The Media Today

New York just committed $90 million to help save local journalism. Will it work? 

May 6, 2024
The New York state Assembly Chamber is seen during a legislative session after Gov. Kathy Hochul presented her 2025 executive state budget at the state Capitol, Jan. 16, 2024, in Albany, N.Y. (AP Photo/Hans Pennink, File)

New York has become the first state to commit significant resources toward keeping local journalism alive. It’s a good start that the legislation’s proponents hope could serve as a national model to save struggling local news outlets—if it can be implemented properly.

The Local Journalism Sustainability Act was included in New York’s recently passed state budget, setting aside $90 million to subsidize local news for the next three years. Eligible outlets can apply to receive a refundable tax credit of up to $25,000 for the first $50,000 worth of employees’ salaries, with a per-company cap of $300,000. That’s a lot of money for a small newsroom, and could help stave off further layoffs and outlet closures.

The $30 million annual pool will be evenly divided between small and larger newsrooms, with the dividing line at 100 employees. Each group will have access to a total of $13 million in tax breaks, with an additional $4 million set aside as $5,000 subsidies for new hires. Publications owned by publicly traded companies aren’t allowed to apply, which would likely rule out places like the New York Times and New York Post. (In certain other cases, like Gannett’s multiple local papers, an outlet owned by a publicly traded company may be eligible because of a carve-out for publications whose print circulation has dipped by more than 20 percent in the past five years.)
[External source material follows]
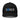 SOBER Trucker Hat with Sobriety Symbol - Mesh Snapback Cap - Black | Sobervation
The legislation had originally been proposed a few years ago by state lawmakers, but didn’t gain traction until earlier this year, when a group of three dozen local news companies formed the Empire State Local News Coalition to advocate its passage. The coalition includes the owners of more than 150 small newspapers in the state—publications that cover small towns or specific communities, like the Sullivan County Democrat, the Lake Placid News, the Haitian Times, and the Jewish Star.

The coalition is spearheaded by Zachary Richner, a former staffer in both the Obama White House and former New York governor Andrew Cuomo’s administration, whose family runs two dozen small daily and weekly newspapers, most of them based on Long Island.

Richner told me he’d previously focused on pushing national legislation to fund journalism, but because of Congress’s glacial pace and gridlock, he’d decided to shift his attention to New York earlier this year. That left a short window to get things done before the state’s annual budget was finalized, so he scrambled to put together a lobbying effort.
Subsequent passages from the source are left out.